The Workers’ Comp Board was directed to consult with those who represent labor, business, medical providers, insurance carriers, as well as self-insured employers surrounding the revisions to permanency impairment guidelines. This direction was taken in order to adopt revised guidelines for the evaluation of medical impairment and determination of permanency. As mandated by law, these guidelines need to reflect the advancements of modern medicine which enhances, and encourages, healing which results in a better outcome. These revised permanency guidelines supersede the Board’s 2012 Impairment Guidelines which concern medical evaluation of injuries amenable to a schedule loss of use, as well as any other provision of the 2012 Impairment Guidelines that do not show consistencies with the 2018 Guidelines.
The 2018 Workers’ Compensation Guidelines for Determining Impairment includes, but is not limited to, guidelines pertaining to injuries surrounding Upper Extremities, Knee and Tibia, Lower Extremities, Central Nervous System, Visual System.
Types of Disabilities Under Workers’ Compensation
The Workers’ Compensation Law has established the following forms of workers’ comp cases:
- Temporary Total Disability
- Permanent Total Disability
- Temporary Partial Disability
- Permanent Partial Disability
Evaluation determining permanent disability occurs when there is a permanent impairment remaining after the claimant reaches the maximum medical improvement (MMI). The guidelines were created to determine impairment for permanent disabilities.
Maximum Medical Improvement
The finding of MMI is based on a medical judgment where (a) the claimant recovered from the work injury or illness to the greatest expected extent and (b) further improvement is not reasonably expected. Palliative or symptomatic treatment does not preclude a finding of MMI. Cases where surgery or fractures are not involved, MMI cannot be determined prior to 6 months from the date of injury or disablement – unless stated and agreed to by both parties involved.

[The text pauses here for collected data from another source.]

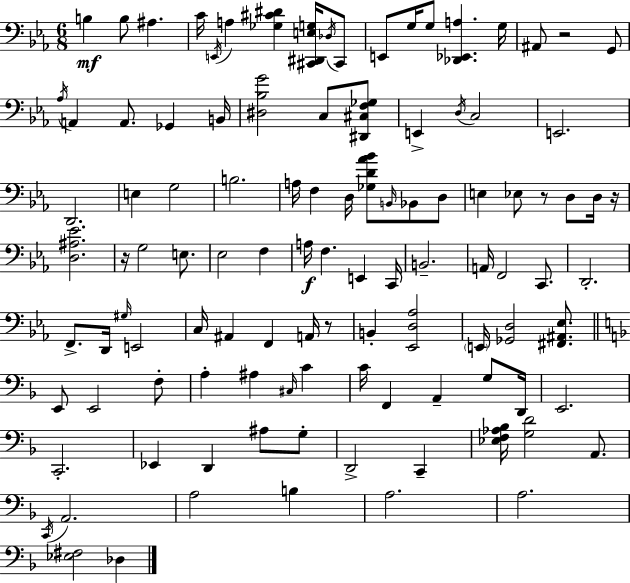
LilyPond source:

{
  \clef bass
  \numericTimeSignature
  \time 6/8
  \key ees \major
  \repeat volta 2 { b4\mf b8 ais4. | c'16 \acciaccatura { e,16 } a4 <ges cis' dis'>4 <cis, dis, e g>16 \acciaccatura { des16 } | cis,8 e,8 g16 g8 <des, ees, a>4. | g16 ais,8 r2 | \break g,8 \acciaccatura { aes16 } a,4 a,8. ges,4 | b,16 <dis bes g'>2 c8 | <dis, cis f ges>8 e,4-> \acciaccatura { d16 } c2 | e,2. | \break d,2. | e4 g2 | b2. | a16 f4 d16 <ges d' aes' bes'>8 | \break \grace { b,16 } bes,8 d8 e4 ees8 r8 | d8 d16 r16 <d ais ees'>2. | r16 g2 | e8. ees2 | \break f4 a16\f f4. | e,4 c,16 b,2.-- | a,16 f,2 | c,8. d,2.-. | \break f,8.-> d,16 \grace { gis16 } e,2 | c16 ais,4 f,4 | a,16 r8 b,4-. <ees, d aes>2 | \parenthesize e,16 <ges, d>2 | \break <fis, ais, ees>8. \bar "||" \break \key d \minor e,8 e,2 f8-. | a4-. ais4 \grace { cis16 } c'4 | c'16 f,4 a,4-- g8 | d,16 e,2. | \break c,2.-. | ees,4 d,4 ais8 g8-. | d,2-> c,4-- | <ees f aes bes>16 <g d'>2 a,8. | \break \acciaccatura { c,16 } a,2. | a2 b4 | a2. | a2. | \break <ees fis>2 des4 | } \bar "|."
}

Examining Medical Providers Role in Workers’ Compensation Cases
Under obligation to the Board, medical providers are required to provide the Board, and the parties involved, their best professional opinion with regards to the claimant’s medical condition, degree of impairment, as well as functional abilities. The Guidelines provide detailed criteria to determine the severity of medical impairment, with a greater weight given to objective findings. It is the responsibility of the medical provider to submit any medical evidence to the Board that will be taken into consideration when making a legal determination surrounding disability.

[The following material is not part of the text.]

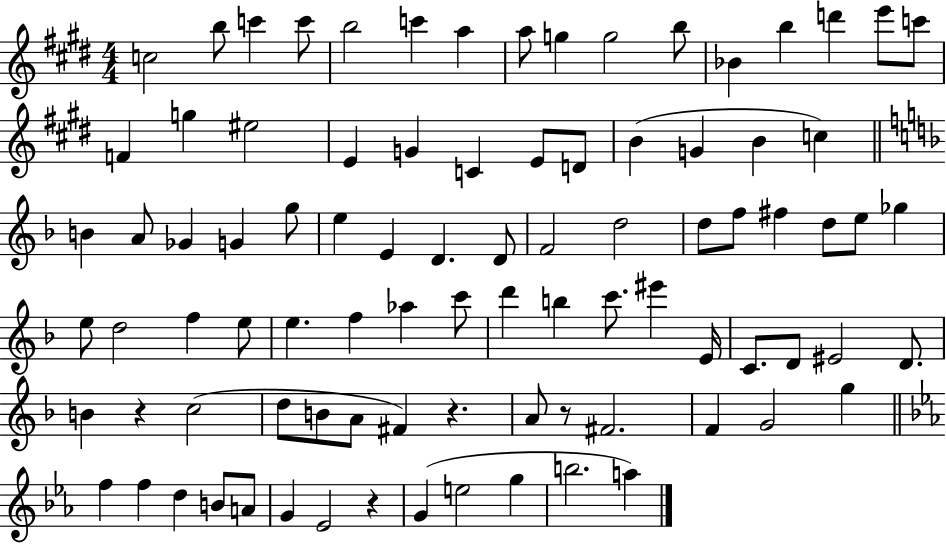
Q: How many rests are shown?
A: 4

Medical providers are not to infer findings or manifestations which were not drawn from the physical examination or test reports. They are to look at the objective findings of the physical examination and data contained within the patient’s medical records. This process fosters consistency, predictability, and inter-rater reliability to determine impairment.
A schedule award is not given for an injury sustained but rather for the residual permanent physical and functional impairments. The final adjustment of a claim by a schedule award is required to comply with medical requirements are described by the 2018 Workers’ Compensation Guidelines for Determining Impairment.
Included in non-schedule awards are permanent impairments that are not covered by a schedule, such as conditions of the spine, pelvis, lungs, heart, as well as impairments of the extremities that are not amenable to a schedule award as described by the 2018 Workers’ Compensation Guidelines for Determining Impairment.